As stocks, bonds and commodities flail, technician says one area of the market looks safe

Not much is working on Wall Street this year.

After hitting records in September, the S&P 500 has lost all gains for the year to hold just under the flat line. Safe haven assets like gold and bonds have also tumbled in 2018.

Ari Wald, head of technical analysis at Oppenheimer, said one corner of the market still works in both good times and bad.

"One standout idea here is managed care within the equity land. It really strikes the balance as far as actually really getting away from the whole risk-on, risk-off market timing debate," Wald said Monday on CNBC's "Trading Nation."

The S&P 500's managed health-care sub-industry has surged so far this year. The group, which includes Anthem, Cigna and UnitedHealth, has rallied 19 percent since the beginning of 2018 and has held positive in the past three months even as the S&P 500 has tumbled nearly 8 percent.

"If you look at managed care relative to the S&P 500, it's coming off a new relative high so it has shown resiliency through this market correction that started in the fourth quarter," said Wald. "It was also outperforming when the market was rallying throughout 2017 so I think you don't run the risk of this becoming a source of funds if you do get that risk-on market movement here."

Managed health care rallied 42 percent in 2017, more than double the S&P 500's advance.

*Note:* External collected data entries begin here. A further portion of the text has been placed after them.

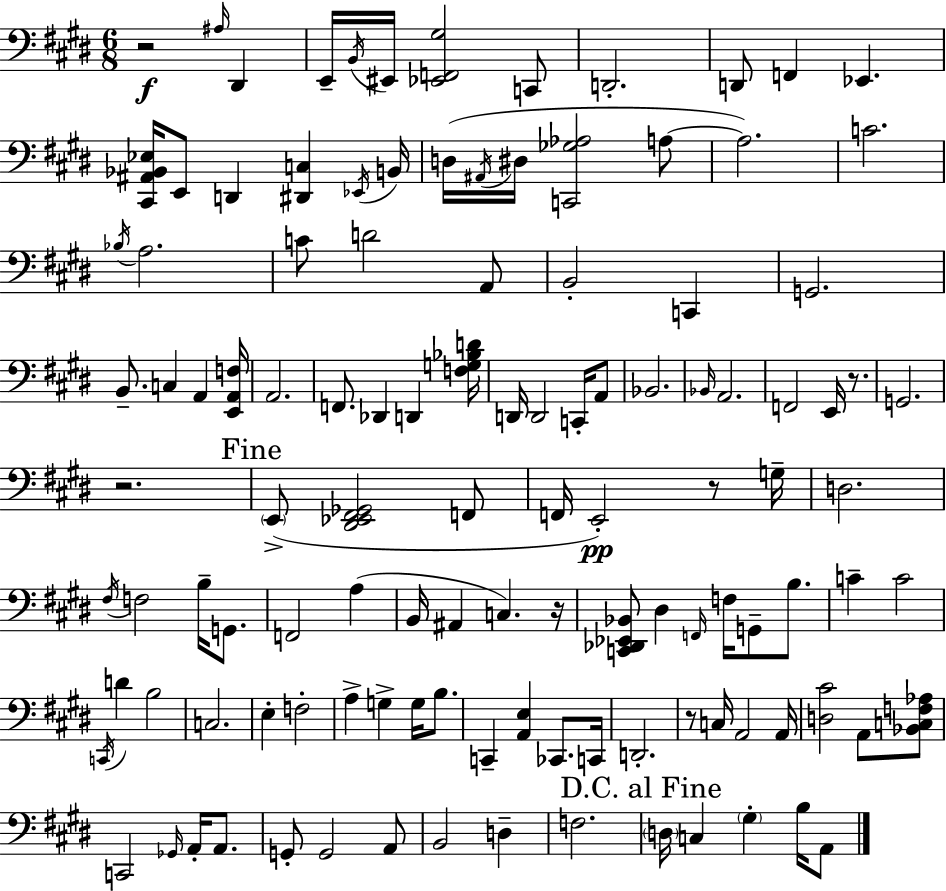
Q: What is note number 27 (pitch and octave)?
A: C2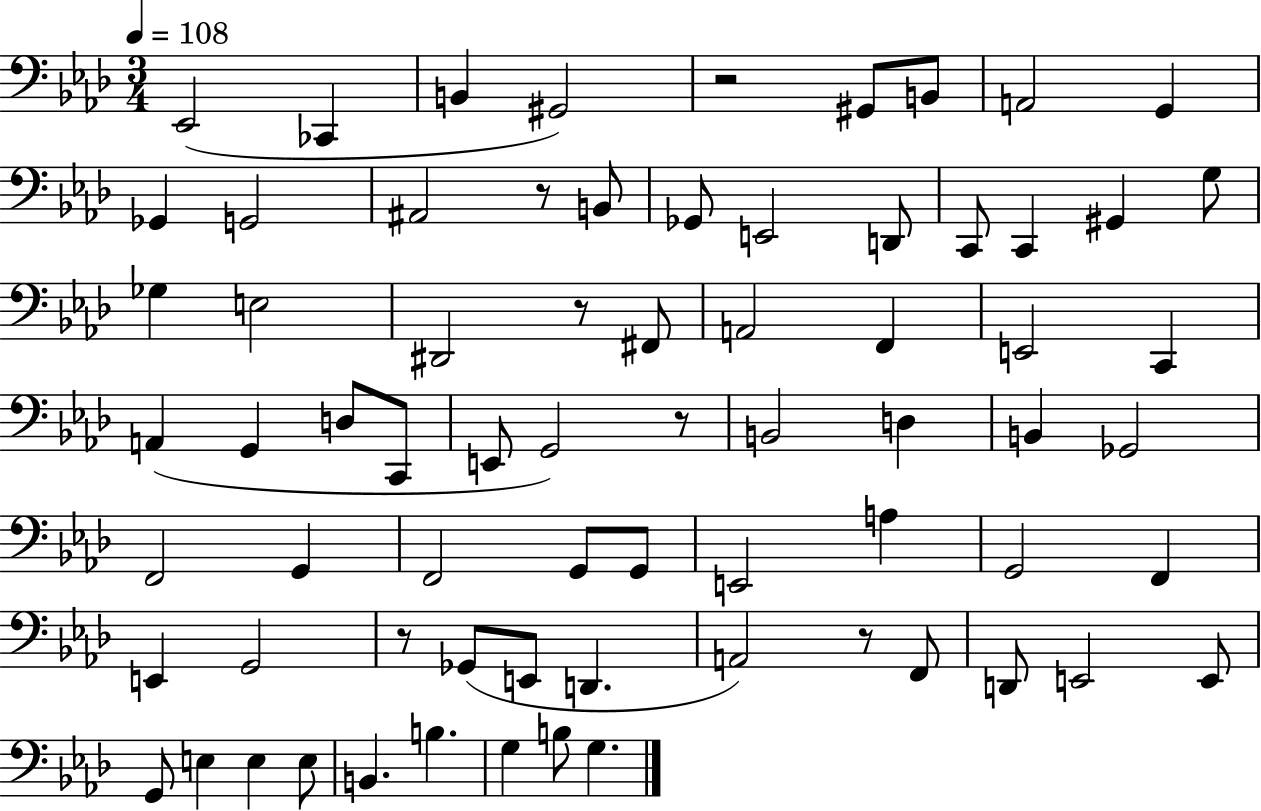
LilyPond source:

{
  \clef bass
  \numericTimeSignature
  \time 3/4
  \key aes \major
  \tempo 4 = 108
  ees,2( ces,4 | b,4 gis,2) | r2 gis,8 b,8 | a,2 g,4 | \break ges,4 g,2 | ais,2 r8 b,8 | ges,8 e,2 d,8 | c,8 c,4 gis,4 g8 | \break ges4 e2 | dis,2 r8 fis,8 | a,2 f,4 | e,2 c,4 | \break a,4( g,4 d8 c,8 | e,8 g,2) r8 | b,2 d4 | b,4 ges,2 | \break f,2 g,4 | f,2 g,8 g,8 | e,2 a4 | g,2 f,4 | \break e,4 g,2 | r8 ges,8( e,8 d,4. | a,2) r8 f,8 | d,8 e,2 e,8 | \break g,8 e4 e4 e8 | b,4. b4. | g4 b8 g4. | \bar "|."
}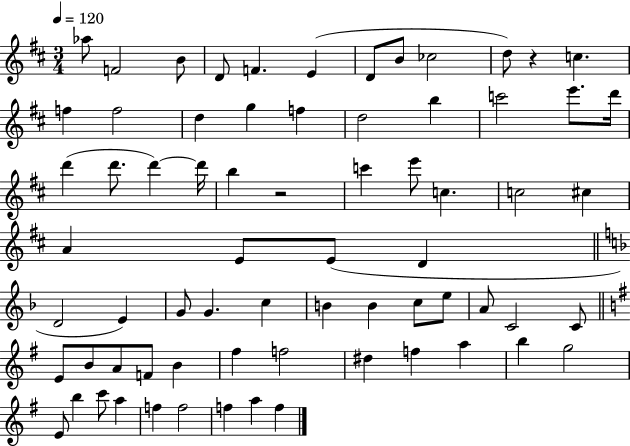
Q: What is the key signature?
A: D major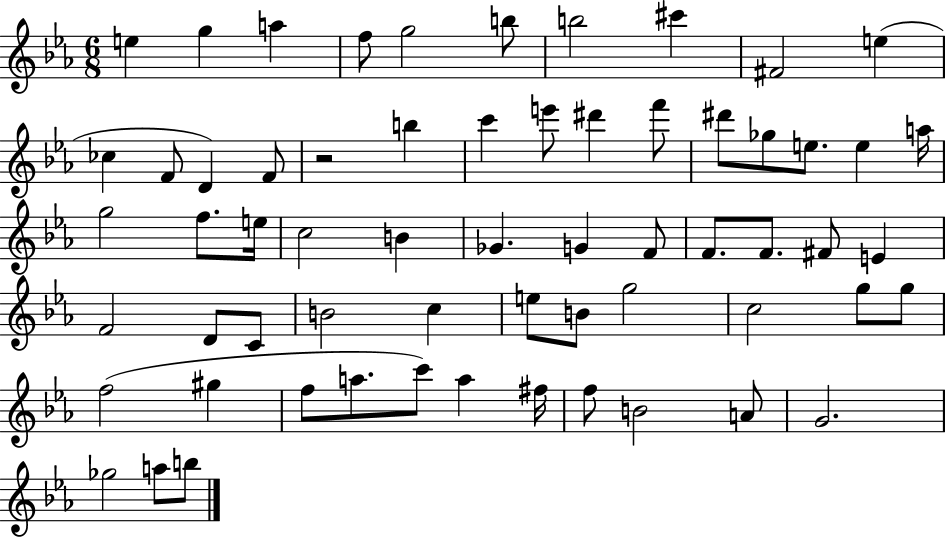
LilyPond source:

"One standout within that space: UnitedHealth. It is correcting over the last couple weeks but has done a much better job holding support levels than the overall market," said Wald. "$250 is the key level. The stock's Q1 breakout is there. The stock's October low is there and its 200-day moving average all converge right at $250. We're bullish above there."

UnitedHealth is a 6 percent drop from its $250 level. It has not traded at that price since July.

Erin Gibbs, portfolio manager at S&P Global Market Intelligence, said she favors high-dividend yield stocks to protect against volatility.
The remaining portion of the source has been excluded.